K-Nearest Neighbors is another classification algorithm from statistics. It uses similarity between data-points to predict the class. In our experimental set-up, we utilize Euclidean distance which can be computed between any two data-points namely x_i and x_j as Eq. (8). Suppose for defect prediction problem, vector x denotes the attribute set and y is a set with two elements {buggy, clean}; denotes the classes to which each data-point uniquely belongs.

$$D\left( {x_{i} ,x_{j} } \right)\; = \;\sqrt {\mathop \sum \limits_{i = 1}^{k} (x_{ik} - x_{jk} )^{2} }$$

(8)

Assume buggy is denoted with ‘ + 1’ and clean with ‘-1’, hence y = {+ 1,-1}. For the instance, x_q, K-NN will make classification using the Eq. (9) after computing the ‘k’ nearest neighbors of x_q using Eq. (8). Suppose N_k denotes the set of ‘k’ neighbors of x_q.

$${{\hat{y}}}_{{\text{q}}} \; = \;{\text{sign }}\left( {{}\mathop \sum \limits_{{{\text{x}}_{{\text{i}}} \in {\text{ N}}_{{\text{k}}} }} {\text{y}}_{{\text{i}}} } \right)$$

(9)

Decision Trees based classifiers are built using Classification and Regression Trees (CART) algorithm. Decision trees are hierarchical, non-parametric, supervised machine learning models. A tree is comprised of few internal nodes with decision functions and external leaves. In our experiments, we used the ‘entropy’ as a measure of impurity which in turn records the goodness of split. Let us compute entropy for a node in classification tree say node ‘a’; N_a denotes the number of instances that reaches to node ‘a’; $N_{a}^{buggy}$ and $N_{a}^{clean}$ denotes the number of nodes in N_a that belongs to class ‘buggy’ and class ‘clean’ respectively. Suppose an instance reaches node ‘a’ then its chances of being ‘buggy’ is given as Eq. (10). Similarly, its chances of being ‘clean’ is computed using Eq. (11). Entropy is computed as Eq. (12) for 2-class classification problem.

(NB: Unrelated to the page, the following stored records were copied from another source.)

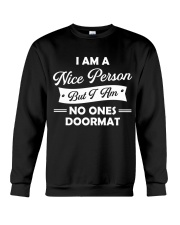 I am a nice person Crewneck Sweatshirt tile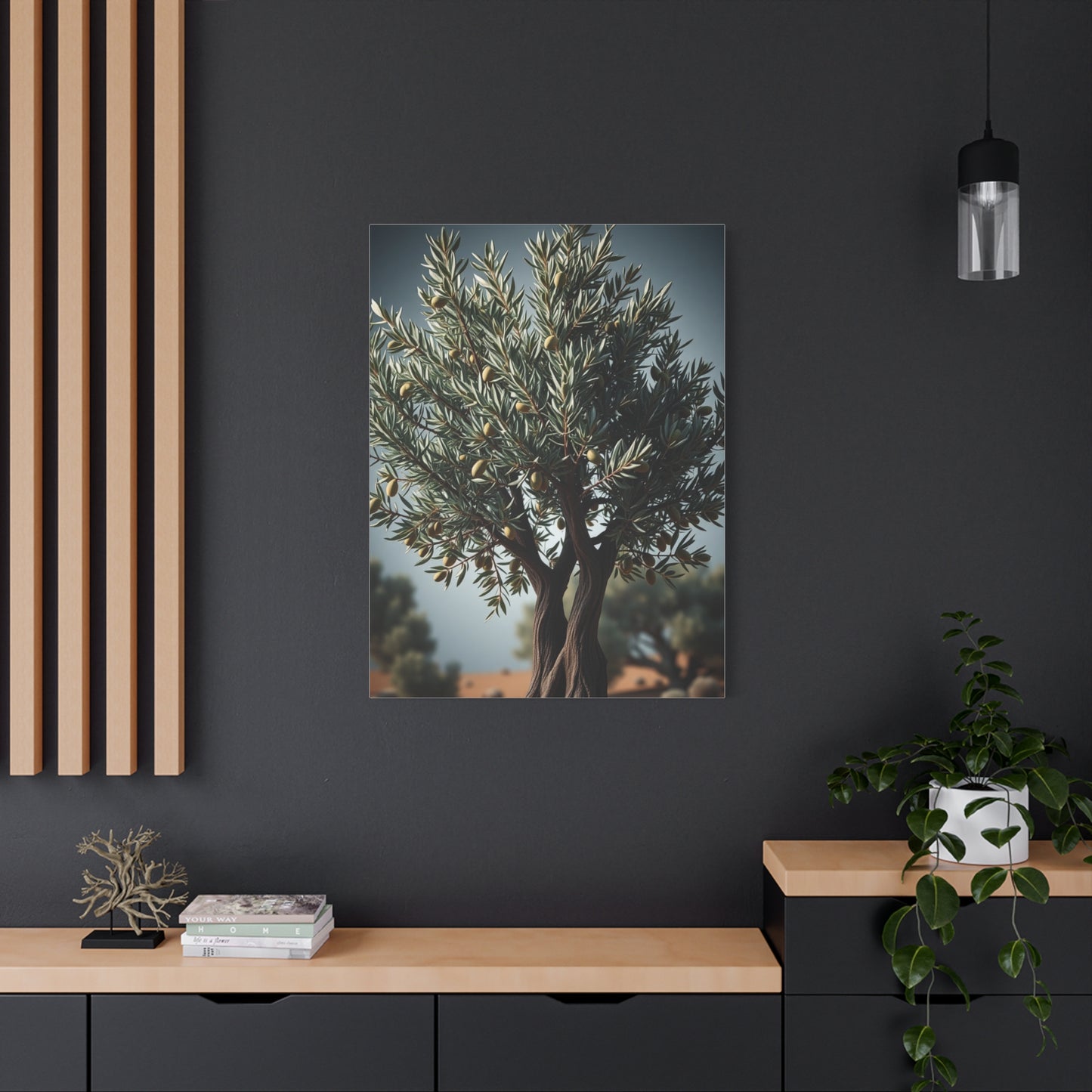 Olive Tree Art Supreme Gallery Wall Art & Canvas Print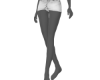 Dall Skirt White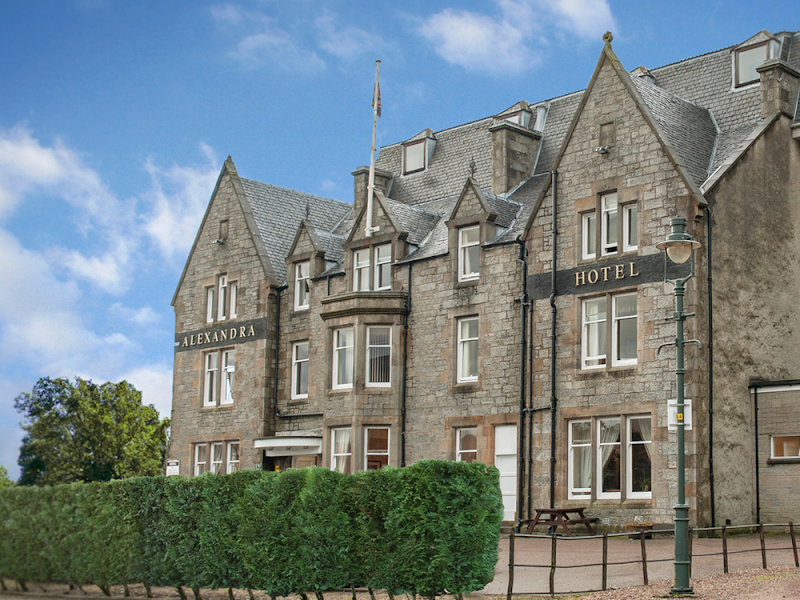 Alexandra Hotel in Fort William, United Kingdom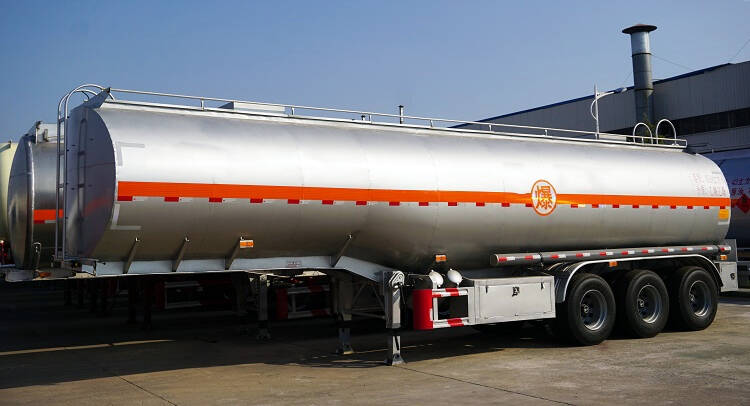 Aluminum Fuel Transport Trailer for Sale Near Me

$$p_{a}^{buggy} = \frac{{N_{a}^{buggy} }}{{N_{a} }}$$

(10)

$$p_{a}^{clean} \; = \;\frac{{N_{a}^{clean} }}{{N_{a} }}$$

(11)

$${\text{Entropy }}\left( {\text{node\,'a'}} \right)\; = \; - \, \left( {\left( {p_{a}^{buggy} } \right){\text{log}}\left( {p_{a}^{buggy} } \right) + p_{a}^{clean} {\text{log}}\left( {p_{a}^{clean} } \right)} \right)$$

(12)

Artificial neural networks are implemented with standard feed-forward, error backpropagation algorithm. For n-feature input data X = < x₁,x₂,…,x_n > , there are n input neurons. For sigmoid activation function, the output $\hat{y}_{i}$ for i^th neuron is computed using Eq. (13). In this way, features are fed in forward direction from input layer to hidden layer, then from hidden to output layer. The computed output at output neuron is compared with the actual output and the error is computed as Eq. (14) as half of the sum of squares of difference between the actual output and predicted output and the error is back propagated to update weights as per Eq. (15) and learning takes place in this way to minimize the error.

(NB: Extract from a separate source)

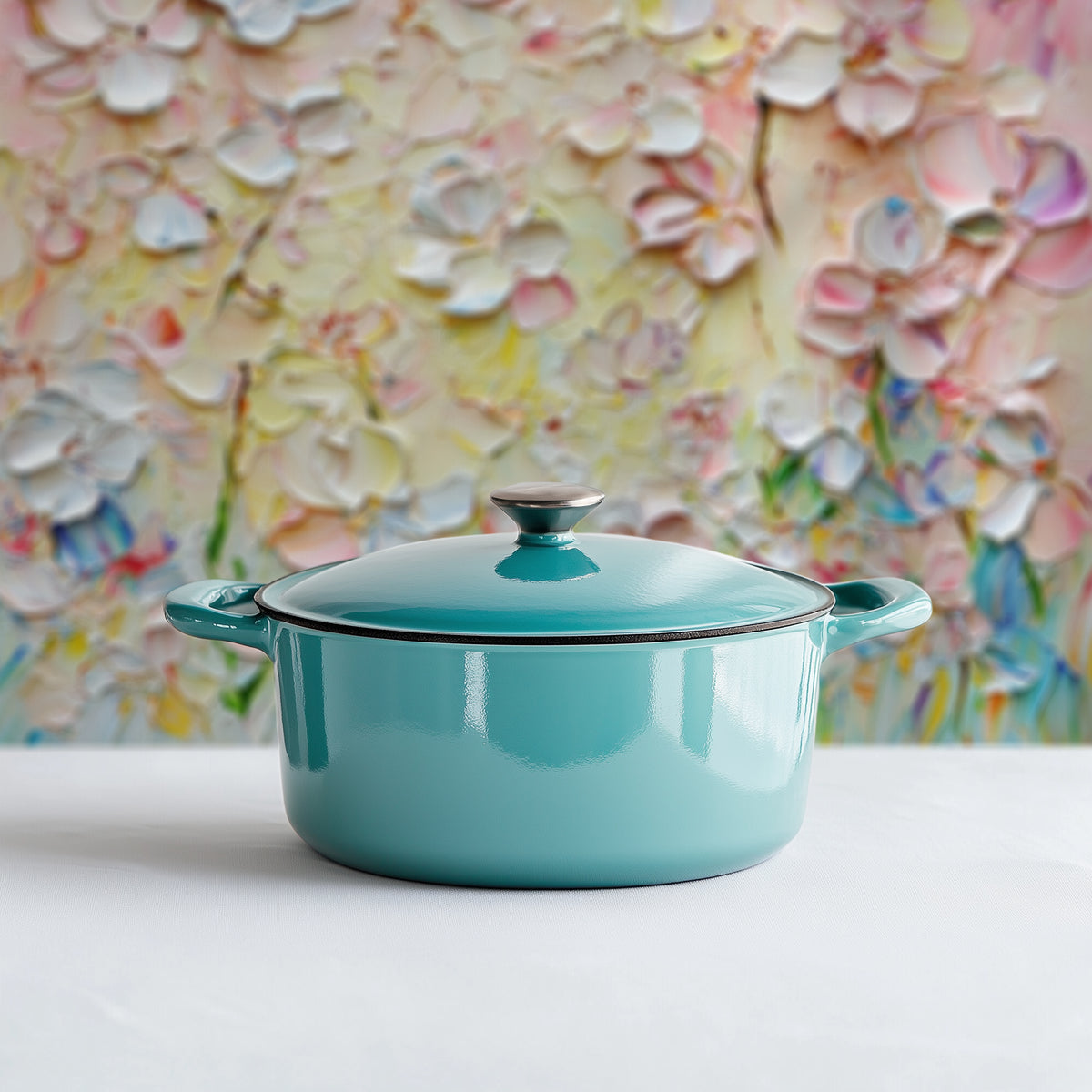 Artistic Pastel And Bright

$$\hat{y}_{i} = sig(\mathop \sum \limits_{i = 1}^{n} w_{i} x_{i} + w_{o} )$$

(13)

where $w_{i}$ denotes weight for i^th neuron and $w_{o}$ denotes the bias;

$${\text{error }} = \frac{1}{2}\mathop \sum \limits_{m} \mathop \sum \limits_{i}^{n} (y_{i} - \hat{y}_{i} )^{2}$$

(14)

where m denotes number of output neuron.

Δw = η. error. input signal

$$\eta .\frac{1}{2}\mathop \sum \limits_{m} \mathop \sum \limits_{i}^{n} (y_{i} - \hat{y}_{i} )^{2} \cdot x_{i}$$

(15)

where η denotes learning rate.

Support vector machine works on Vapnik theory of maximum marginal methods. We used the RBF kernel setting for SVM. For ‘n’ instances denoted as < X_i,y_i > , it finds the optimal separating hyperplane between two classes denoted {buggy as + 1,clean as -1} by finding w₁ and w₂ which satisfies Eq. (16).

$$y(w_{2} x + w_{1)} \ge {}_{ - }^{ + } 1$$

(16)

SVM solves the optimal hyperplane problem by Langrangian multipliers. First, new higher dimensional mapping is achieved with function ϕ as Eq. (17) shown.

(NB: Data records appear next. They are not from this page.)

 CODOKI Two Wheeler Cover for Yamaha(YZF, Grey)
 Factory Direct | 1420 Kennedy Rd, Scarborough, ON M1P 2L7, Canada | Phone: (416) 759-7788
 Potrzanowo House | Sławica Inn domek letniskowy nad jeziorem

$${\text{y }} = {\text{ w}}^{{\text{T}}} \phi \left( {\text{x}} \right) \, + {\text{ c}}$$

(17)

where w is weight vector and c is scalar.

The SVM has to be optimize Eq. (18)

$${\text{Minimize}}\;\frac{1}{2}{\text{w}}^{{\text{T}}} {\text{w + }}\rlap{--} \rho \frac{1}{2} error_{i}^{2}$$

(18)

$${\text{Subject to y }} = {\text{ w}}^{{\text{T}}} \phi \left( {\text{x}} \right) \, + {\text{ c }} + error$$

where ϼ denotes the cost function.

After solving this, the prediction made by SVM classifier can be given as Eq. (19) in terms of kernel.

$$\rlap{--} Y = \sum \left( {\alpha - \alpha^{T} } \right).K\left( {x_{centre} ,x} \right) + b$$

(19)

In Eq. (20) $K\left( {x_{centre} ,x} \right)$ denotes kernel based on Radial basis function. In our experiments we have used RBF kernel for SVM where the centre and radius are defined by the user.

$$K\left( {x_{centre} ,x} \right) = e^{{ - \frac{{\left| {x_{centre} - x} \right|^{2} }}{{2. (radius)^{2} }}}}$$

(20)

4 Dataset and evaluation criteria used

In this section, the highlights on the dataset and metrics used for experimentation are brought. The performance evaluation metrics opted to measure the performance of proposed stacked ensemble based SDP model and for comparative analysis among the selected models are described.

4.1 Dataset and software metrics

The Dataset used for the experimental study is NASA defect dataset which are available publicly in PROMISE repository. The data metrics are collected from NASA projects. The experiment is designed using five datasets—CM1, KC1, KC2, PC1, and JM1. McCabe and Halstead features extractors are used to collect the data [19, 21]. Table 5 shows the used dataset name, total instances in the dataset, number of instances which are buggy and number of instances which are clean. The datasets are comprising of the most popular static code metrics. All five datasets possess 21 metrics and 1 response variable.

Table 5 Dataset description [2]

Full size table

4.2 Performance evaluation criteria

The performance of proposed stacked ensemble is evaluated using the widely accepted evaluation metrices namely Confusion matrix, ROC, AUC, Accuracy and recall [2, 7, 10, 20, 26, 27]. These can be defined as-

Confusion matrix is in the form of a matrix whose individual cell contains necessary information for performance evaluation of the classifier.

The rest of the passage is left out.